### [Task to carry out]
In the entries that follow, copy exactly each line from the first through the line with "Bosch Cutting Grinding".

(Short descriptive text snippets)
****************************************
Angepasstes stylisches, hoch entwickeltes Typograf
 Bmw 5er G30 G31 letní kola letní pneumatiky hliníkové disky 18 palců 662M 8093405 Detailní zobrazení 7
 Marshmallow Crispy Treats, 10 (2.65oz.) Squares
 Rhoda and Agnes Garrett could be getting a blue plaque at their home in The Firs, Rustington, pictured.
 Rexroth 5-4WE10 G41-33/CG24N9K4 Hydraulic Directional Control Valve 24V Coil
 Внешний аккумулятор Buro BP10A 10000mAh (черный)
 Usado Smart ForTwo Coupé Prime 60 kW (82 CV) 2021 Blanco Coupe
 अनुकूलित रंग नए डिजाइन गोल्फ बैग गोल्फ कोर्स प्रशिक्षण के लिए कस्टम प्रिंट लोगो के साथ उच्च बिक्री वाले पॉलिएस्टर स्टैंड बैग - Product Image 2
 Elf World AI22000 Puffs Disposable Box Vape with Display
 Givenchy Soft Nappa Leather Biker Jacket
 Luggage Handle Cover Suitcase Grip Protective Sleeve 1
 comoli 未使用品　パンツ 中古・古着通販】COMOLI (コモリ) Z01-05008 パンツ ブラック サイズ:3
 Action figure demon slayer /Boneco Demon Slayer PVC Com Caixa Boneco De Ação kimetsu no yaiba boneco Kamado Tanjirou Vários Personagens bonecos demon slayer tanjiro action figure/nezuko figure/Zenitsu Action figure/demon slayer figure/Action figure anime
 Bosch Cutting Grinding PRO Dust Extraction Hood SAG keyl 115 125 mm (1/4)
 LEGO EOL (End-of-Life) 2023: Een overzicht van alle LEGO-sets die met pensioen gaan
****************************************
### [Response]
Angepasstes stylisches, hoch entwickeltes Typograf
 Bmw 5er G30 G31 letní kola letní pneumatiky hliníkové disky 18 palců 662M 8093405 Detailní zobrazení 7
 Marshmallow Crispy Treats, 10 (2.65oz.) Squares
 Rhoda and Agnes Garrett could be getting a blue plaque at their home in The Firs, Rustington, pictured.
 Rexroth 5-4WE10 G41-33/CG24N9K4 Hydraulic Directional Control Valve 24V Coil
 Внешний аккумулятор Buro BP10A 10000mAh (черный)
 Usado Smart ForTwo Coupé Prime 60 kW (82 CV) 2021 Blanco Coupe
 अनुकूलित रंग नए डिजाइन गोल्फ बैग गोल्फ कोर्स प्रशिक्षण के लिए कस्टम प्रिंट लोगो के साथ उच्च बिक्री वाले पॉलिएस्टर स्टैंड बैग - Product Image 2
 Elf World AI22000 Puffs Disposable Box Vape with Display
 Givenchy Soft Nappa Leather Biker Jacket
 Luggage Handle Cover Suitcase Grip Protective Sleeve 1
 comoli 未使用品　パンツ 中古・古着通販】COMOLI (コモリ) Z01-05008 パンツ ブラック サイズ:3
 Action figure demon slayer /Boneco Demon Slayer PVC Com Caixa Boneco De Ação kimetsu no yaiba boneco Kamado Tanjirou Vários Personagens bonecos demon slayer tanjiro action figure/nezuko figure/Zenitsu Action figure/demon slayer figure/Action figure anime
 Bosch Cutting Grinding PRO Dust Extraction Hood SAG keyl 115 125 mm (1/4)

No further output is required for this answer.